Structural representation;And
Figure 13 shows the stacked structure schematic diagram of the fuel-cell device that embodiment of the present invention is provided.
Specific embodiment
It should be noted that in the case where not conflicting, the feature in embodiment and embodiment in the application can phase
Mutually combination.Below with reference to the accompanying drawings and in conjunction with the embodiments describing the application in detail.
It should be noted that term used herein above is merely to describe specific embodiment, and be not intended to restricted root
According to the illustrative embodiments of the application.As used herein, unless the context clearly indicates otherwise, otherwise singulative
It is also intended to include plural form, additionally, it should be understood that, when in this manual using term "comprising" and/or " bag
Include " when, it indicates existing characteristics, step, operation, device, component and/or combinations thereof.

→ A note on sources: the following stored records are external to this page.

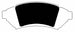 Porterfield Brake Pads for 2004 PONTIAC GRAND PRIX GTP FR SPORT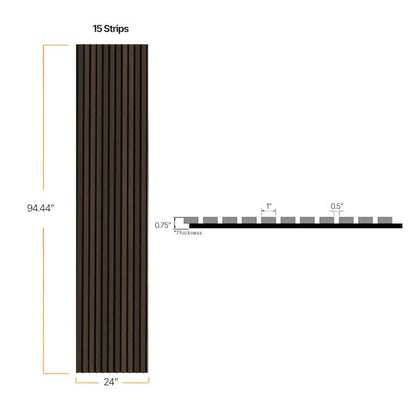 Premium 3-Sided Wood Veneer Acoustical Panels – Brown Oak Smoke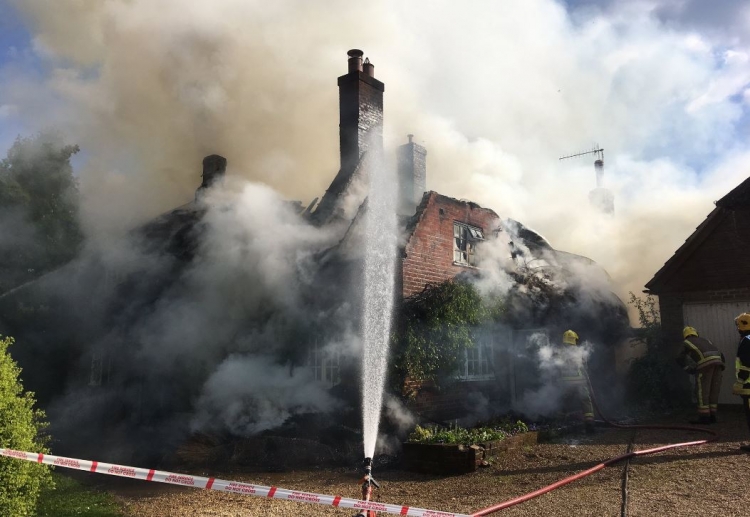 Wiltshire Firefighters Assist At Major Blaze In Hampshire Village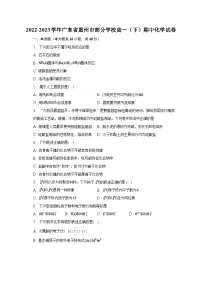 2022-2023学年广东省惠州市部分学校高一(下)期中化学试卷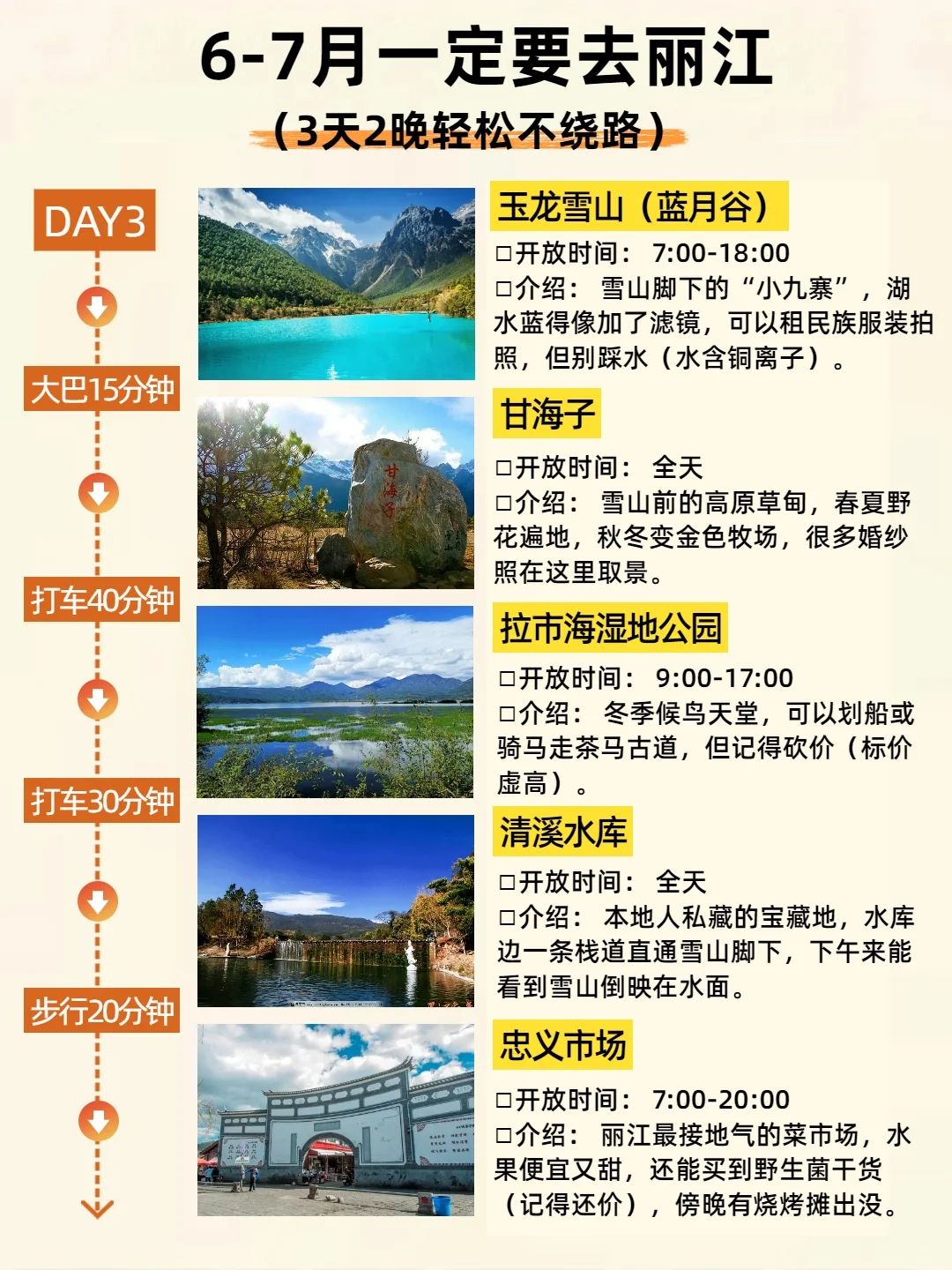 🌟丽江旅游攻略｜3天2晚懒人专属行程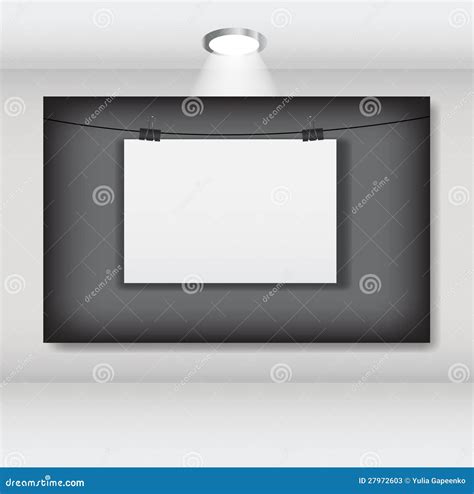 white blank page  clip vector illustration stock vector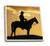 Lantern Press Cowboy and Sunset -Set of 4 Ceramic Coasters Cork-Backed Absorbent-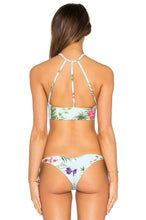 hot design retro style simple model brazilian sexy printing swimsuit bikinis halter padded biquinis feminino c447 J4U66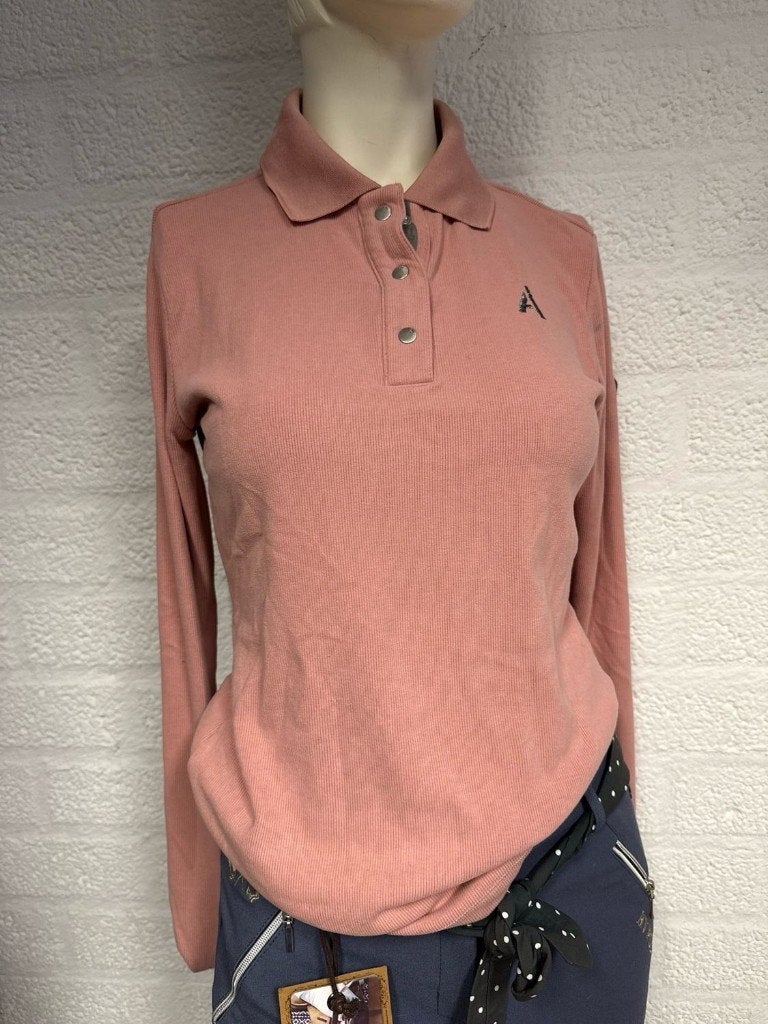 Anky polo long sleeve roze 36, Dieren en Toebehoren, Dressuur, Ophalen of Verzenden, Zo goed als nieuw, Roze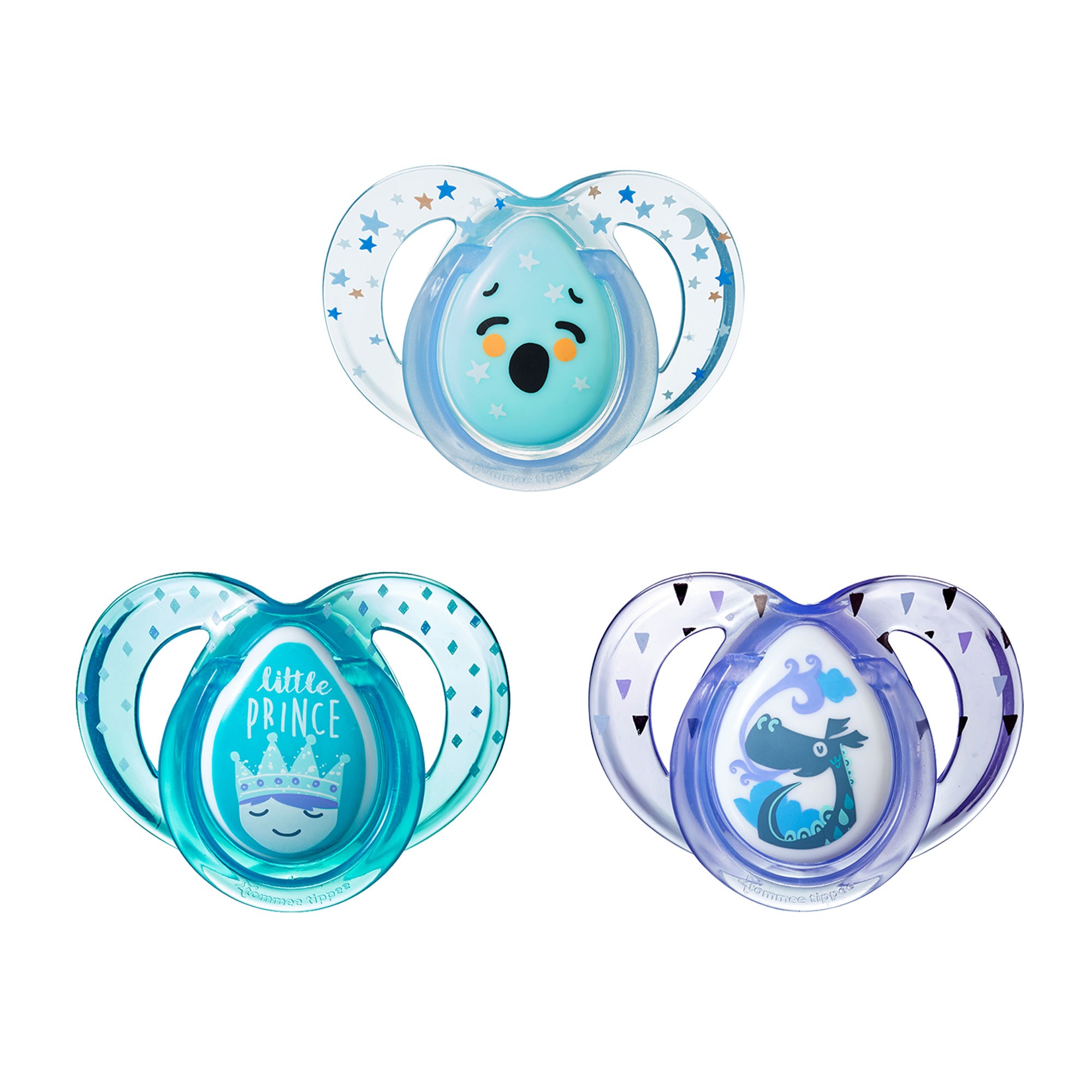 Tommee Tippee Day & Night Pacifier 3Pack, 618 Months English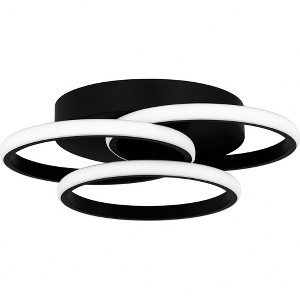 Quoizel Lighting Moonan 1 - Light Flush Mount in  Matte Black - 1 of 1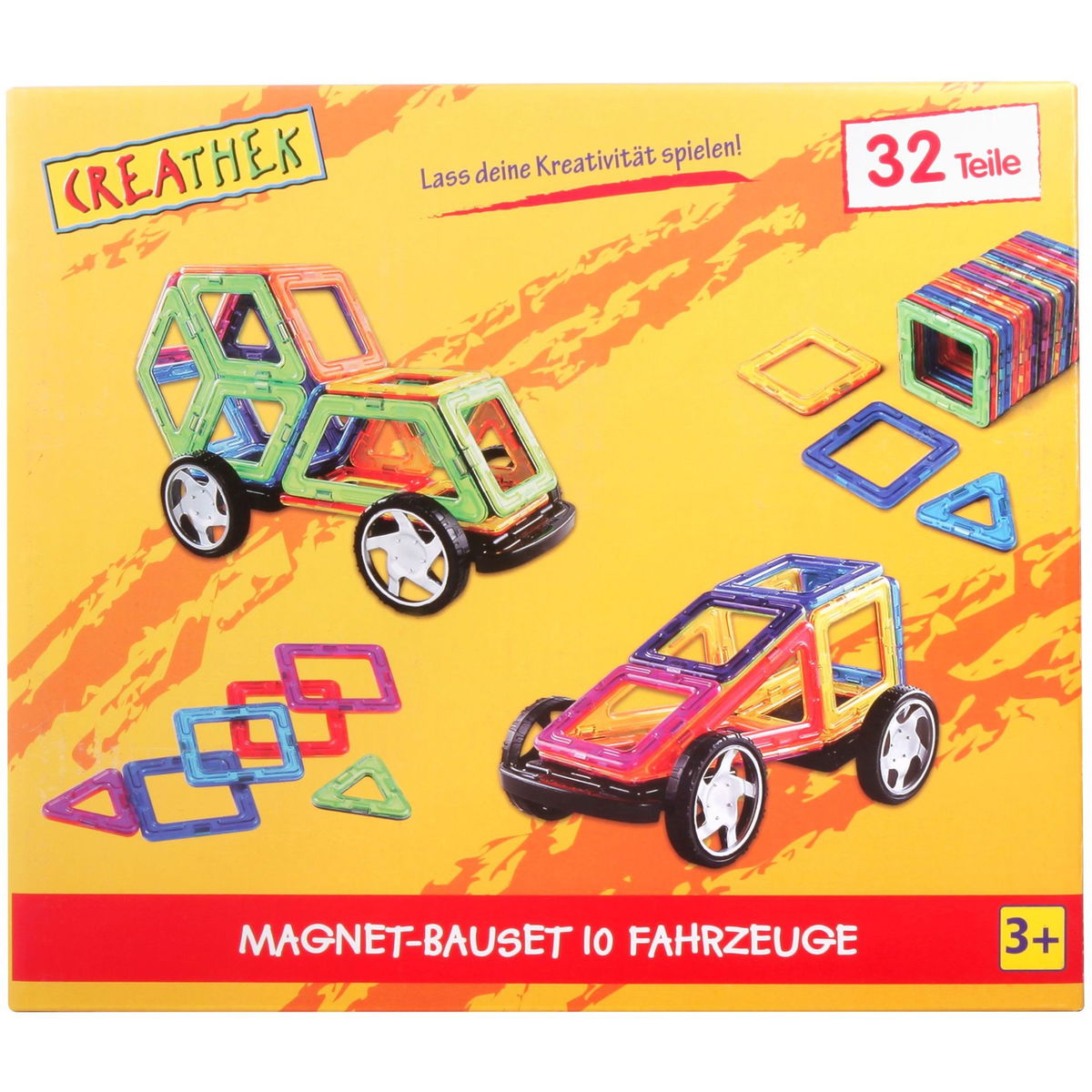 VedesCreathek Magnet Bauset mit Rädern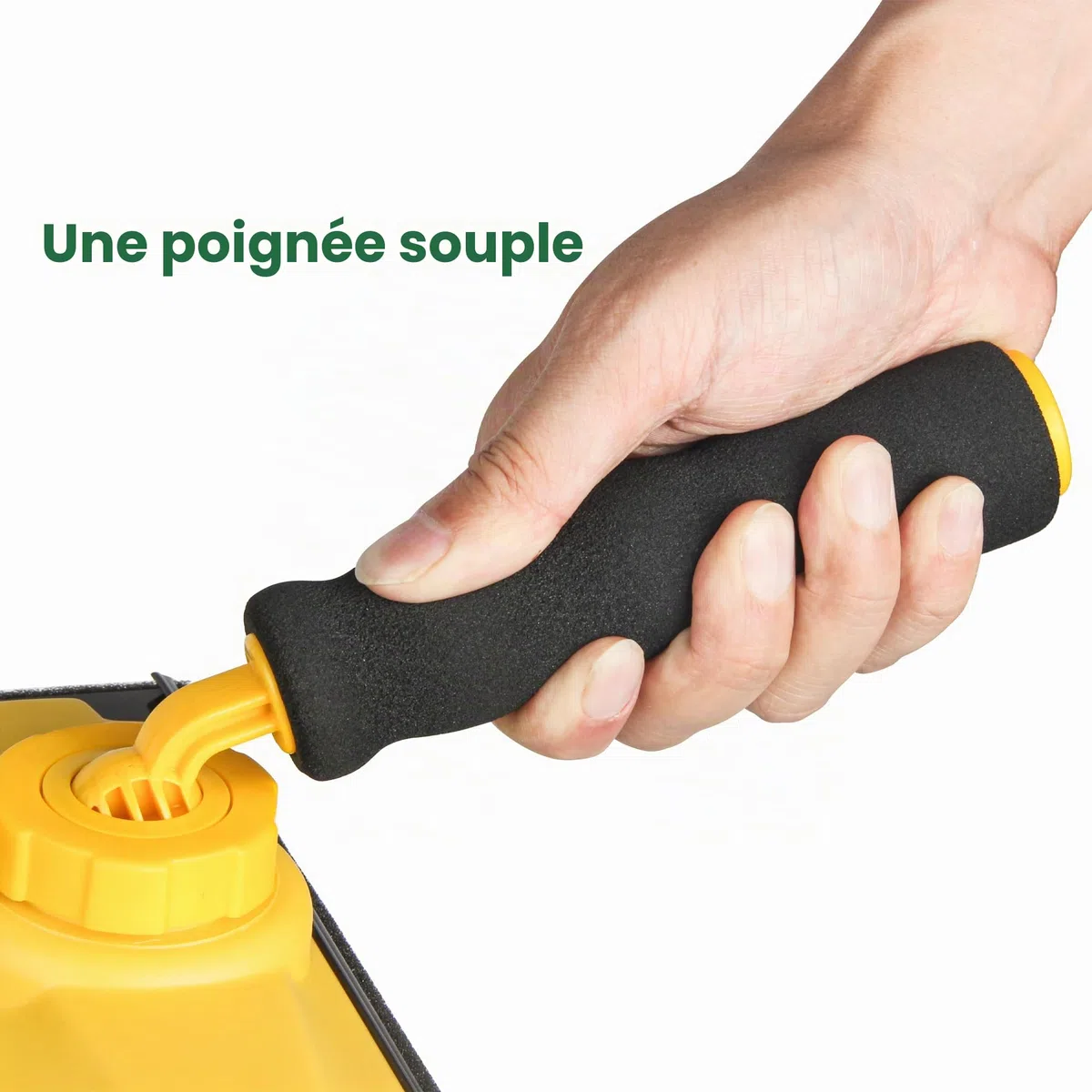 Kit d'outils de coupe-bordures Voomey, ensemble de tampons de peinture de 22,86 cm, kit de 7 pièces de coupe-bordures avec garniture, tampon de retouche, tampon mural d'angle et plafond pour peintre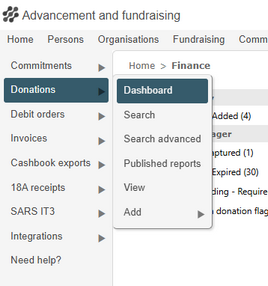 DonationDashboard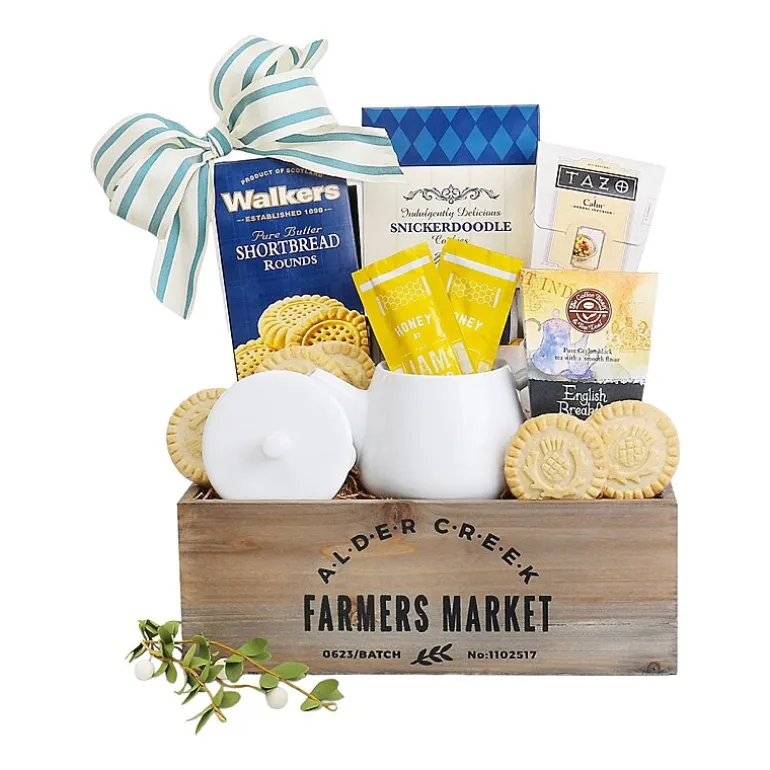 Alder Creek Garden Tea Tray Food Set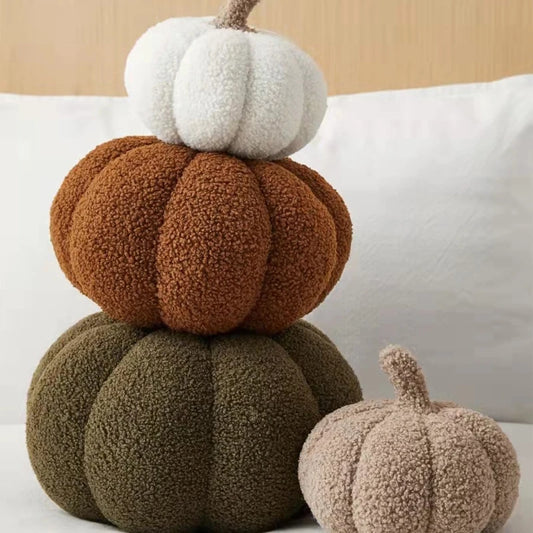 Pumpkin Throw Pillow – 3D Decorative Fall Cushion for Sofa & Bedroom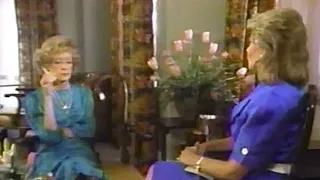 Bette Davis interview with Barbara Walters--1987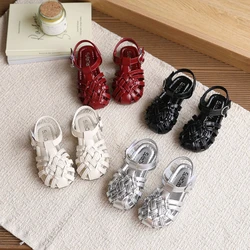 Sandalias romanas planas para niñas – Retro veraniegas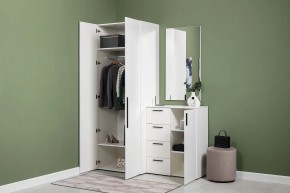 ЭЙР прихожая (модульная) Белый Шагрень в Уфе - ufa.ok-mebel.com | фото 24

For the ease of description, space relative terms can be used here, such as " ... on ", " ... top ",
" in ... upper surface ", " above " etc., for describing such as a device or feature shown in the figure and other devices or spy
The spatial relation levied.It should be appreciated that space relative terms are intended to comprising the orientation except device described in figure
Outside different azimuth in use or operation.For example, if the device in accompanying drawing is squeezed, it is described as " in other devices
To be positioned as " under other devices or construction after the device of part or construction top " or " on other devices or construction "
Side " or " under other devices or construction ".Thus, exemplary term " ... top " can include " ... top " and
" in ... lower section " two kinds of orientation.The device can also other different modes positioning (being rotated by 90 ° or in other orientation), and
And respective explanations are made to the relative description in space used herein above.
The present invention propose a kind of new fuel cell subregion cell apparatus based on multi-layer PCB board (printed circuit board (PCB)) and its
Internal performance characterize part, can each regional area of real-time monitoring inside battery real reaction electric current distribution, judge various
The reactivity worth of fuel battery inside zones of different and its performance degradation distribution situation under operating condition, while passing through indoor design
Embedded Temperature Humidity Sensor, the temperature and moisture distribution of inside battery zones of different are measured, so as to purposive changes
The design of kind battery and operating parameter, optimization fuel battery performance and life-span, and greatly improve fuel cell efficiency of research and development.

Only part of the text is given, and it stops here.